The CDB, the country's second-largest bond issuer after the Ministry of Finance, will be transformed into a "development-oriented financial institution" and will restructure its management policy more toward a market-led pattern, the online statement said.

That means the bank's loans will continue to enjoy a State-backed credit rating, but the bank will retain some rights to choose lending targets and to chase high returns in a competitive environment with other commercial banks.

The financial services arm of CDB will support the nation's development strategy based on a market-oriented approach.
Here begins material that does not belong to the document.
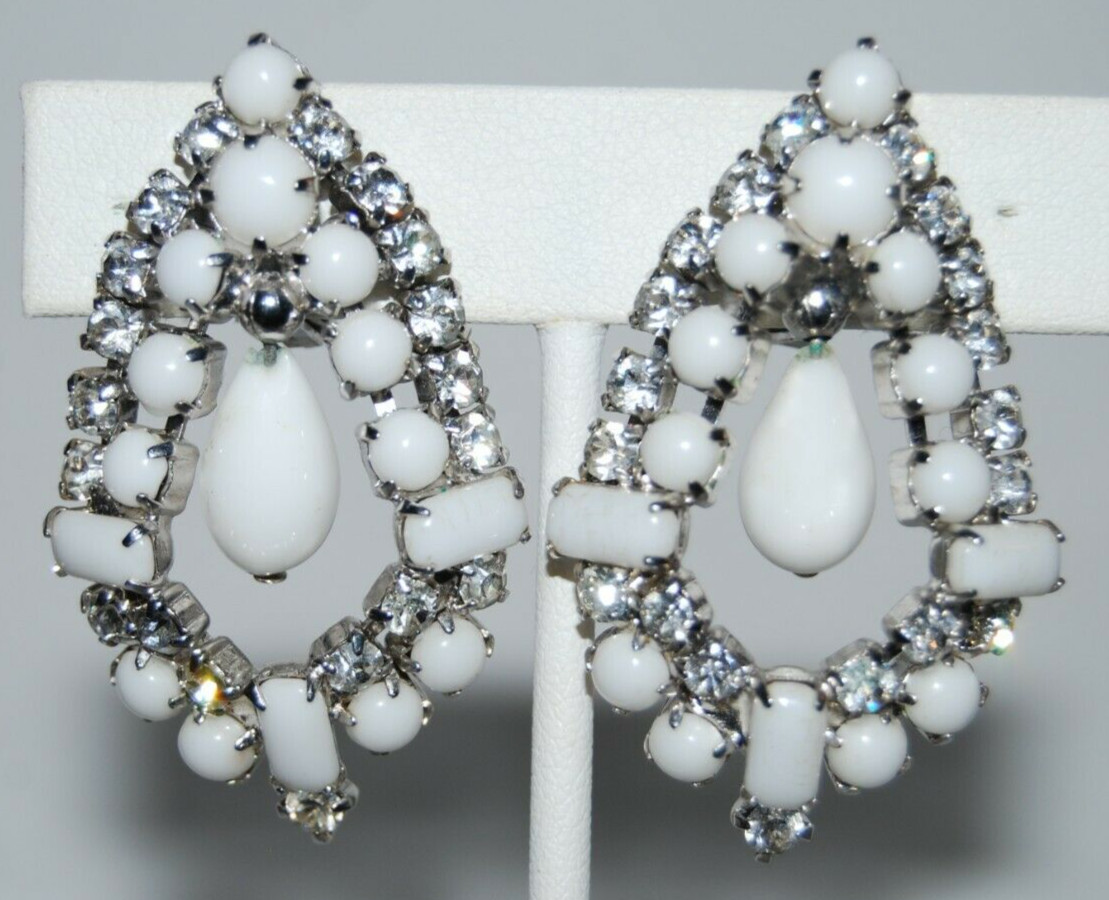 ELEGANT VTG RHINESTONE COUTURE WHITE CABOCHONS RHINESTONES DANGLE CLIP EARRINGS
Loan principal will be guaranteed, while allowing room for a small profit, according to the statement.

The reform framework was first mentioned by Chen Yuan, founder of CDB and a former governor.

By the end of 2014, the bank's total assets had reached 10.1 trillion yuan ($1.6 trillion), with a nonperforming loan ratio of 0.63 percent. A large part of the CDB's lending is for construction of railways and highways, along with the renovation of shantytowns.

The other two banks will remain as noncommercial entities. Ex-Im is responsible for raising funds to support Chinese enterprises' "going out" strategy, and the ADBC provides financial services to major agricultural construction projects, the government statement said.

Those two banks had outstanding loans of more than 5 trillion yuan to support the nation's special projects at the end of last year.

Guo Tianyong, an economist at the School of Finance at Central University of Finance and Economics, said the coming reform is a "breakthrough".

"Clear requirements of capital adequacy will help to control potential credit risks and push the banks to improve their governance," Guo said.

After the reform is in place, funds from those banks will be used more efficiently to support key industries, such as the high-end equipment manufacturing industry, and avoid redundant construction in sectors with overcapacity, he said.

In March, Fitch Ratings Inc, a global credit rating agency, gave the three banks a straight "A+" with a stable outlook, since the credit is guaranteed by the government.

The agency said these banks are playing significant roles in China's economic development. Their profitability and capital level are below other commercial banks, but their liquidity risk is less.